In a Letter to the Editor of Blood, Eric J. Duncavage and colleagues from the Washington University School of Medicine, St. Louis, USA, discuss their study which aimed to determine whether sequencing of Peripheral Blood (PB) samples is a feasible approach for determining clonal architecture and whether it might provide a less invasive measure of response of therapy in AML and MDS patients.
To do this, the authors quantified the mutation burden in the PB and compared it to the BM samples in twenty-seven patients (AML, n = 22; MDS, n = 5; median age = 73 years) with at least two somatic mutations in the BM treated with a 10-day course of decitabine (NCT01687400) at Washington University School of Medicine.

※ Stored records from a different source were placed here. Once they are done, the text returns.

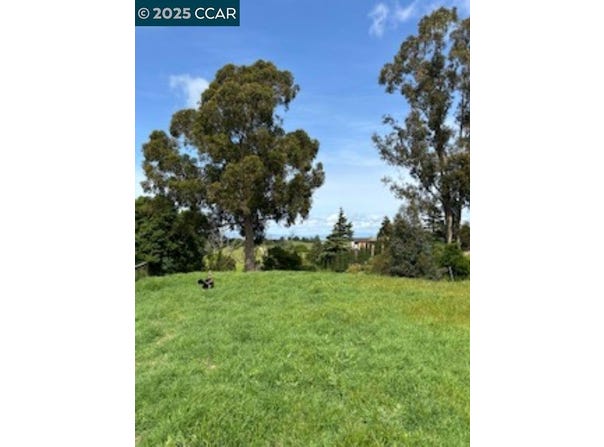 209 N Rancho Pl, Pinole, CA 94803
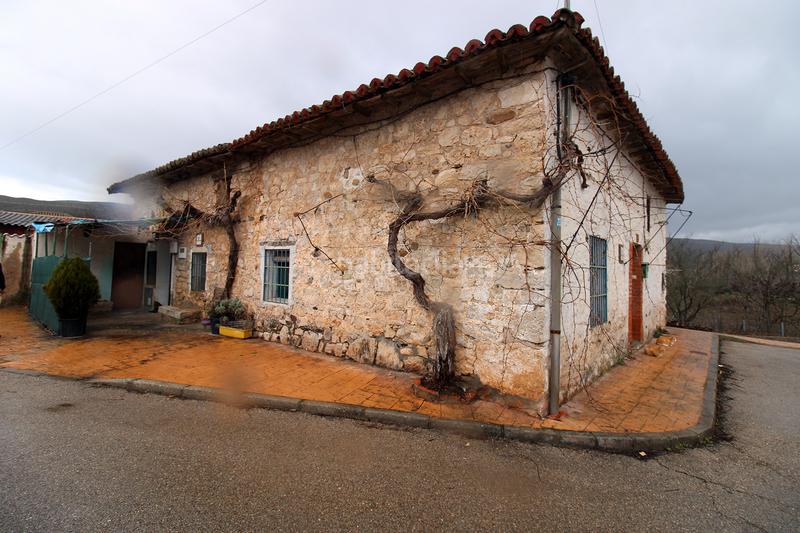 Foto b3006de2-a770-4eec-a94e-00a0163e08e2. Casa adosada en Torremocha de Jarama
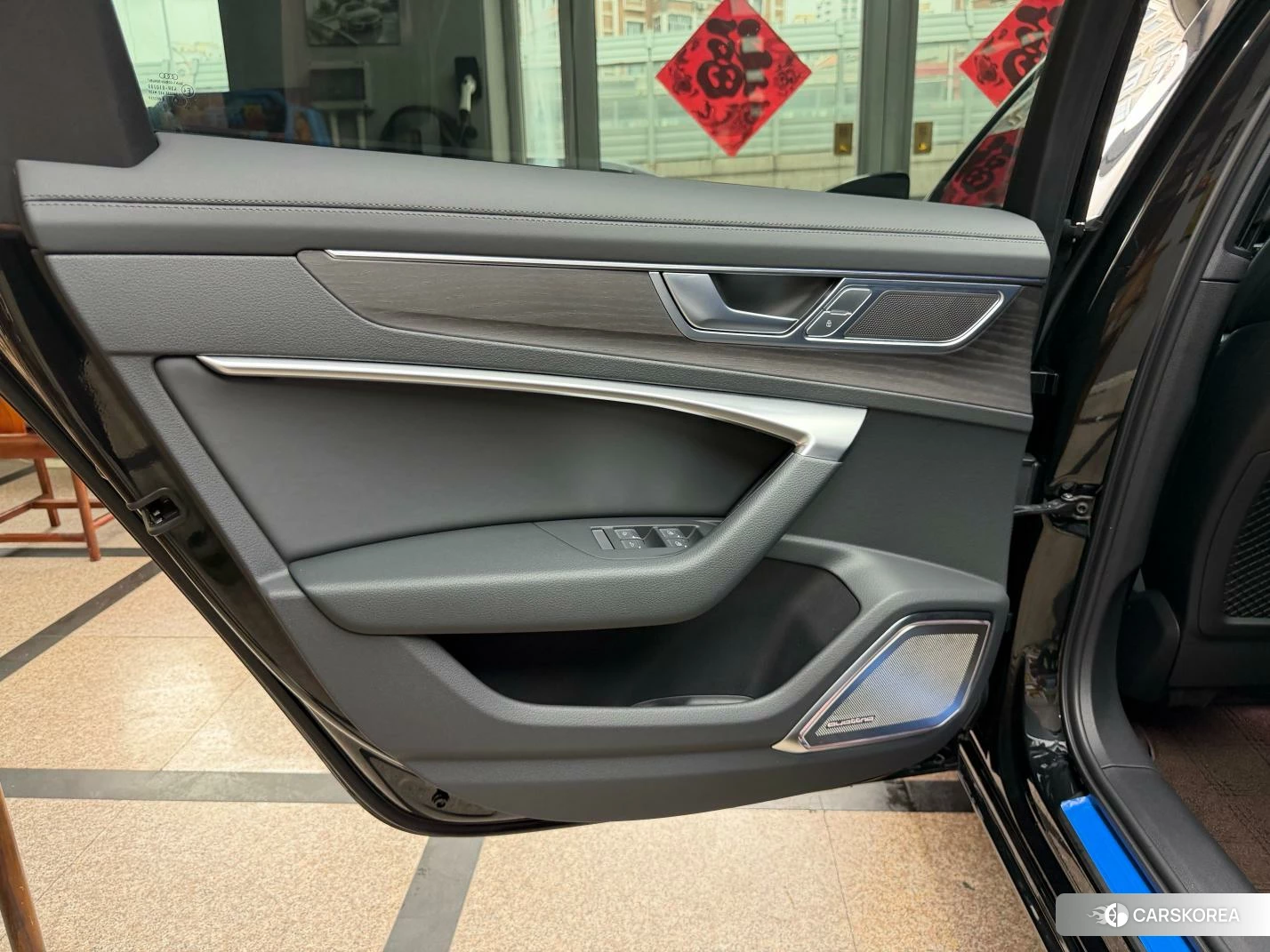 Audi A6L id 4473608 из Китая 11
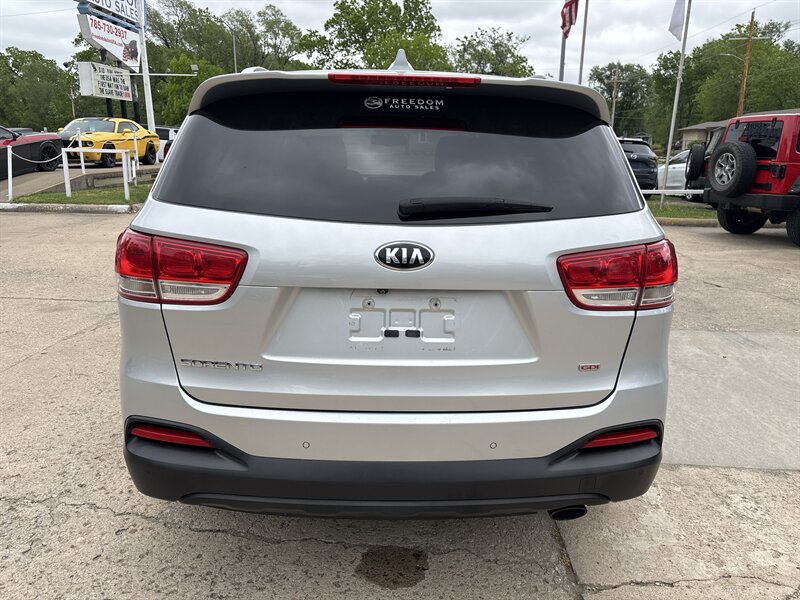2017 Kia Sorento L - Photo 4 - Topeka, KS 66608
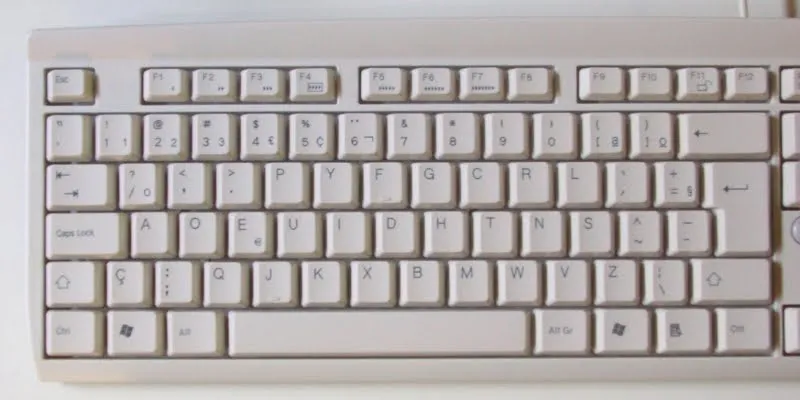 Triángulo equidlátere: Origen del teclado QWERTY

The key results of the study were:
- Similar subclonal architecture and copy number variation were observed in patient samples from the PB and BM
- Rate of clone mutational clearance during decitabine treatment correlated between the PB and BM; R2 = 0.69, P < 0.001
In summary, targeted PB mutation analysis recapitulates the genomic events observed in the BM blasts of AML and MDS patients. Additionally, PB mutation analysis quantifies the clearance of mutations as a distinct end point which is not influenced by drug toxicity.
The authors concluded by suggesting that “PB mutation analysis may provide a less invasive alternative for monitoring response to treatment” in AML and MDS patients which is not subject with the issues observed with BM monitoring.